STATESVILLE Father-and-son photographers, William and Ben Stimson, took thousands upon thousands of pictures around the Statesville area in the last century.

The father, who was better known by his first two names — William Jasper — started as a professional photographer in 1888, when negatives were glass plates and photography was a much more complicated affair.

William set up a studio in Statesville in 1890 and was among the city’s top photographers a year later when the infamous Bostian Train Wreck occurred in August 1891. Most of the early photos seen of the wreckage at the bottom of the bridge were taken by Stimson. His photos of the scene, in which 25 people were killed, were published around the state and nation.

But the Stimsons produced tens of thousands of photographs in their Statesville studios. And by the time Ben died in 1969 at the age of 76, as many as 200,000 photos and negatives were left behind in his West Broad Street studio.

Family members were at a loss with what to do with the enormous body of work.

“We didn’t know where to start,” said Ben’s daughter, Betty Boyd, who recalled her father as a smart and multi-faceted man.

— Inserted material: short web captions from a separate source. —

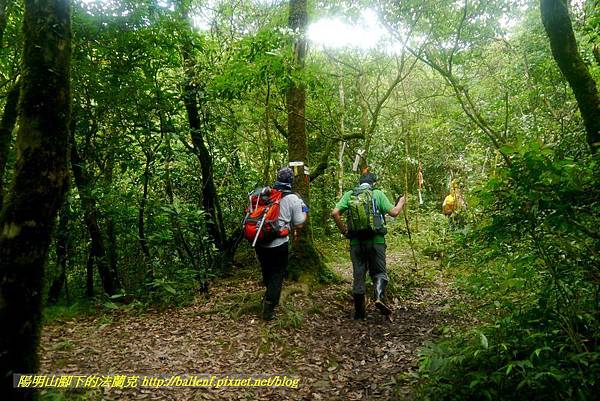 P1780558.jpg P1780558.jpg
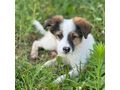 Merlin wnscht liebevolles Zuhause - Mischlingshunde - Bild 1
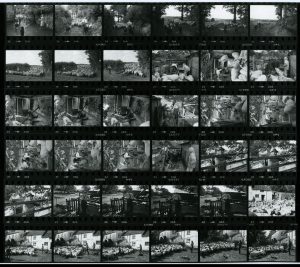 Contact Sheet 1130 by James Ravilious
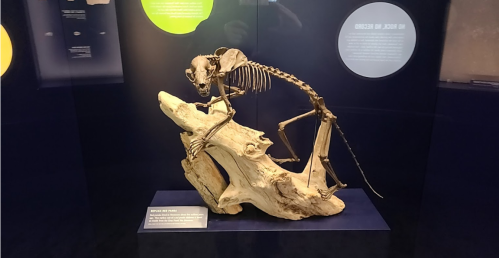 A skeleton of a small mammal perched on a piece of driftwood, displayed in a glass case with informational panels.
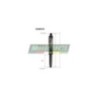 Coppia Ammortizzatori Posteriori Top Performance SAM0038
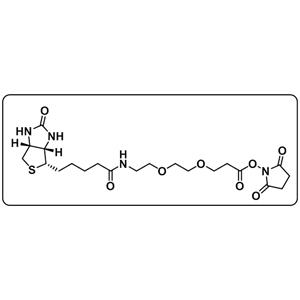 Biotin-PEG2-NHS ester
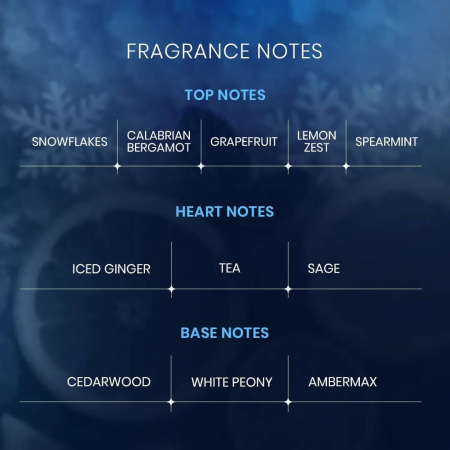 Freeze, Riiffs, Unisex – Extract de Parfum 100ml [2]
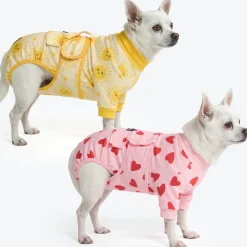 Dog Surgical Suit 2-pack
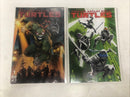 Teenage Mutant Ninja Turtles TMNT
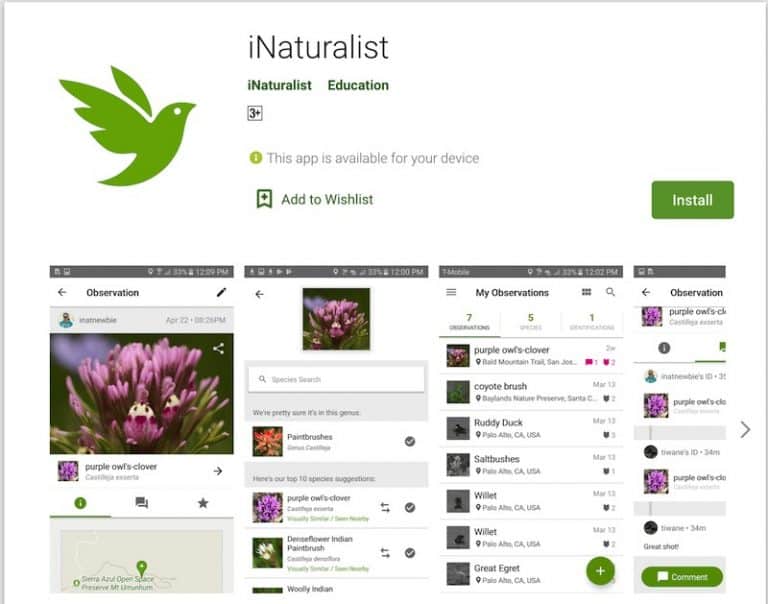 11 Best Free Plant Identification Apps (For Android & iOS)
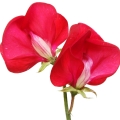 نخود شیرین Sweet Pea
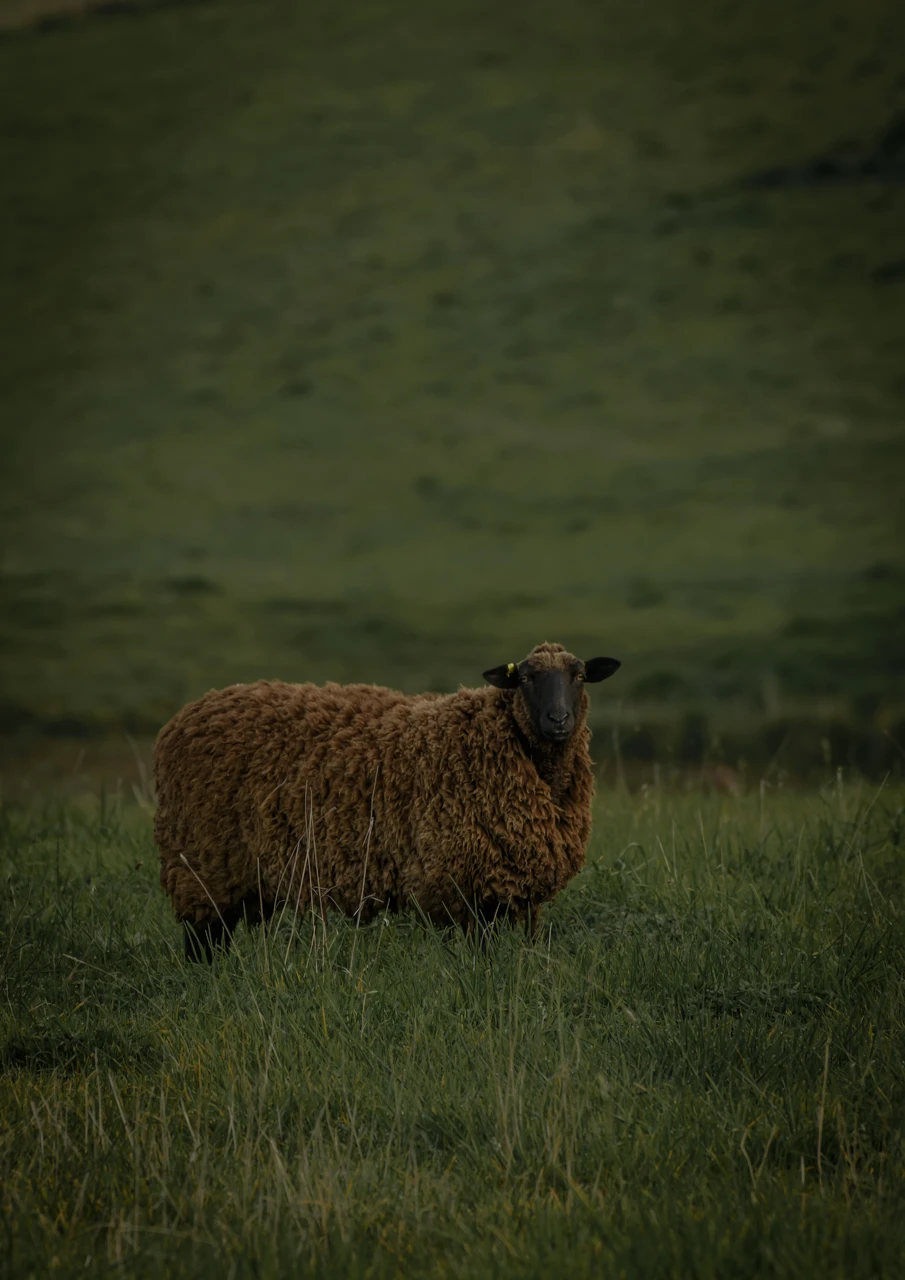 Brown sheep in very green field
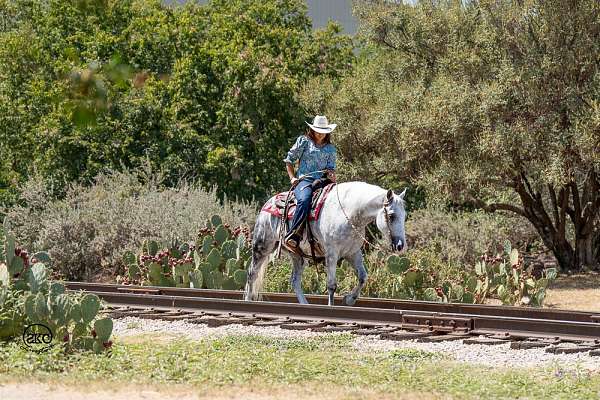 athletic-draft-horse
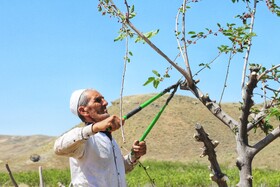آغاز برداشت پیله کرم  ابریشم در روستای کلاته ابریشم شهرستان رازوجرگلان -  استان خراسان شمالی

“He was very intelligent,” she said. “He loved his work but he also had a lot of time for my mother and his children. He loved to read and speak French to anyone who could understand him. He never told us Mother Goose stories at bedtime. It was always Greek mythology.”

And he was a prolific photographer.

After his death, Boyd and her two siblings donated a number of their father’s materials to the University of North Carolina at Chapel Hill. Other photos and negatives went to family members and friends. Some are in the possession of Statesville historian Steve Hill.

But still more than 100,000 of them remained at the studio and were about to be disposed of when possession of the studio changed hands. Those photographs ended up at the Iredell County Library in 2008.

For the past several years, history librarian Joel Reese and other library staff have been scanning the photos and negatives into the library’s database. So far, they have made it through about 64,000 of the Stimsons’ works.

Reese said the Stimson photos account for about three-fourths of the library’s ever-growing photo inventory.

“When I got here in 2002, our collection consisted of a shoe box containing about 18 photographs,” Reese said. “Today I’d estimate we have over 130,000 photographs and negatives.”

Reese said the Stimsons were the “Olan Mills of their day.” He added that for several decades, “The Stimson Studio was ‘the place’ to have your photograph taken in Iredell County.”

Many of those photos can be seen by visiting the library’s website at www.iredell.lib.nc.us and clicking on “Flickr.”

Reese said information is lacking on many of the photos and he encourages folks to visit the site and examine the images to help fill in some gaps.

“We are hoping that people viewing the photos can help us identify come some of the people and place where they were taken,” he said.